Dataset entries:
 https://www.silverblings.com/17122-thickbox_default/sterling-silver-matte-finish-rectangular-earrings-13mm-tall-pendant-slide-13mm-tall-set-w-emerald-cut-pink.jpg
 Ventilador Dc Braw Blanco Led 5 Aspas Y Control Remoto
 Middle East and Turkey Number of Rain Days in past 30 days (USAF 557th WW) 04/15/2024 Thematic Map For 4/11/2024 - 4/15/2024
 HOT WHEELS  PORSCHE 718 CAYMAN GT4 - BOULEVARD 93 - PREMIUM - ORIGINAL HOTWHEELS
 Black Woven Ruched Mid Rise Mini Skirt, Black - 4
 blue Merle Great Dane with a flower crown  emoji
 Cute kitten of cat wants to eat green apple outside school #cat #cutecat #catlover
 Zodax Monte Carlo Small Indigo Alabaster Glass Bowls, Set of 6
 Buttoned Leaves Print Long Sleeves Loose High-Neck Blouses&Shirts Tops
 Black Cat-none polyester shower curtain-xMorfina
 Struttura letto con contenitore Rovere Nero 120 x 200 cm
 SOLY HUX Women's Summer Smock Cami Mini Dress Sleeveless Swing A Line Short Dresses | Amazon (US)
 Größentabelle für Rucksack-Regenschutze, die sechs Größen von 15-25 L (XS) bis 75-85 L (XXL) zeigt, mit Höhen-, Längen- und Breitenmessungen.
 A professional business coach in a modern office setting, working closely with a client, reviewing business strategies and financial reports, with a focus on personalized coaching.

• **Problem requirements**
Beginning at the line that holds "Größentabelle für Rucksack-Regenschutze, die", reproduce the lines exactly up to and including the final line of the entries.

• **Written answer**
 Größentabelle für Rucksack-Regenschutze, die sechs Größen von 15-25 L (XS) bis 75-85 L (XXL) zeigt, mit Höhen-, Längen- und Breitenmessungen.
 A professional business coach in a modern office setting, working closely with a client, reviewing business strategies and financial reports, with a focus on personalized coaching.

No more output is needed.